> **Source data**:
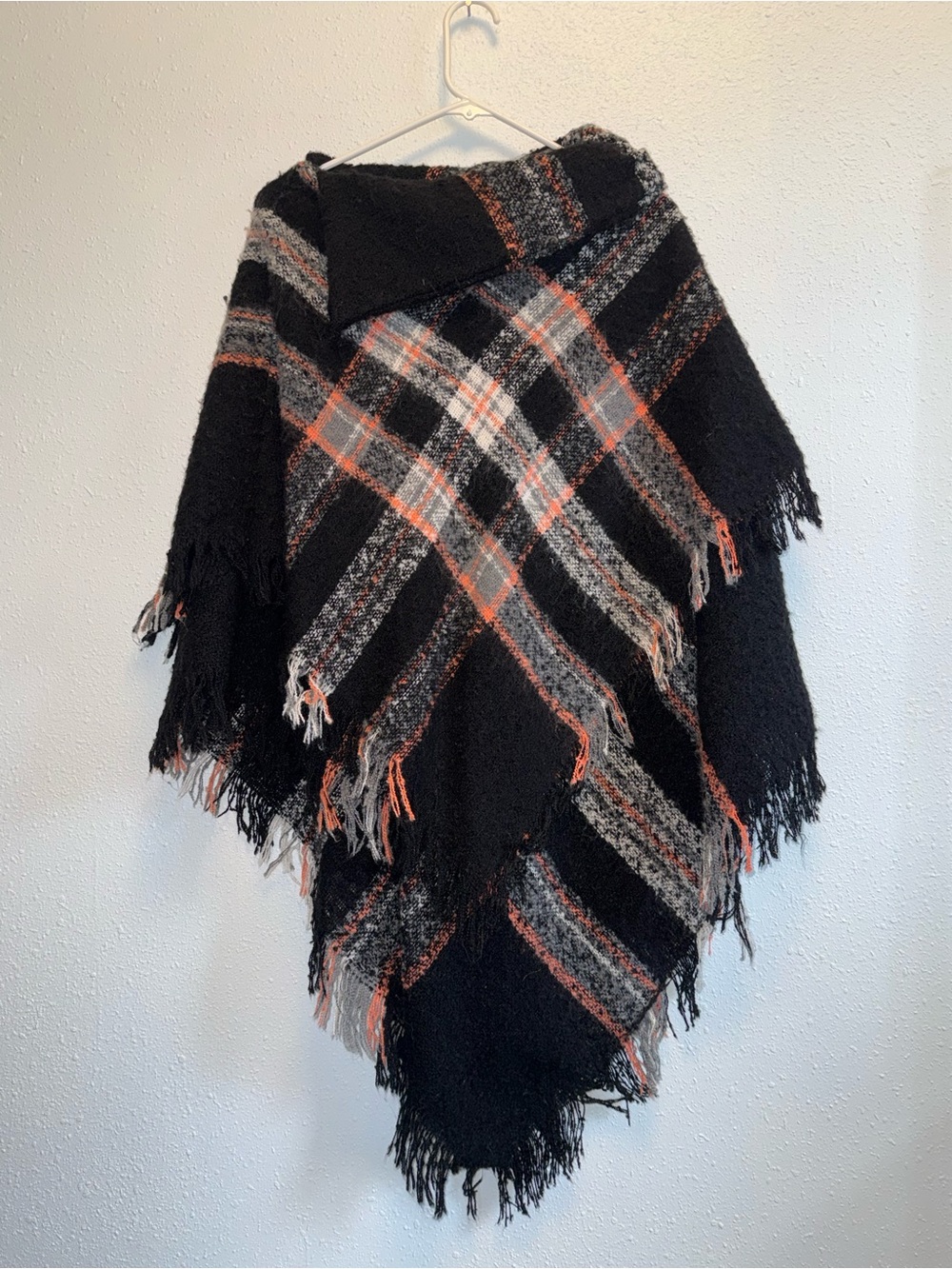 Steve Madden Black Plaid Fringe Poncho with Orange & Gray Accents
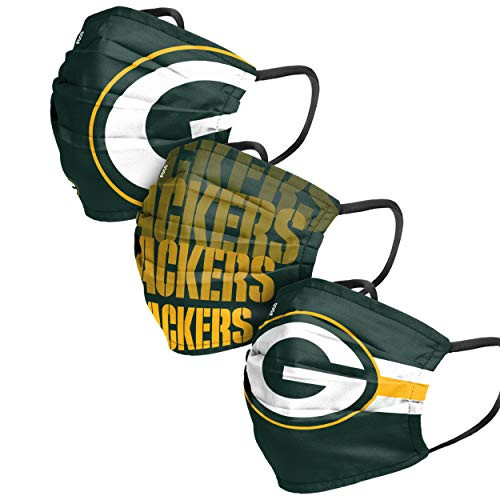 Green Bay Packers NFL Mens Matchday Face Cover - Adult - 3 Pack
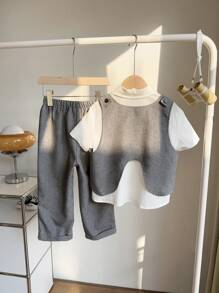SHEIN 3 件装年轻男童不对称韩版背心、宽松阔腿裤、衬衫和梭织面料翻领三件套 - 灰色 - 查看 3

> **Goal of the exercise**: Would you restate all of the data above word for word, omitting the pictures?

> **Output**:
 Steve Madden Black Plaid Fringe Poncho with Orange & Gray Accents
 Green Bay Packers NFL Mens Matchday Face Cover - Adult - 3 Pack
SHEIN 3 件装年轻男童不对称韩版背心、宽松阔腿裤、衬衫和梭织面料翻领三件套 - 灰色 - 查看 3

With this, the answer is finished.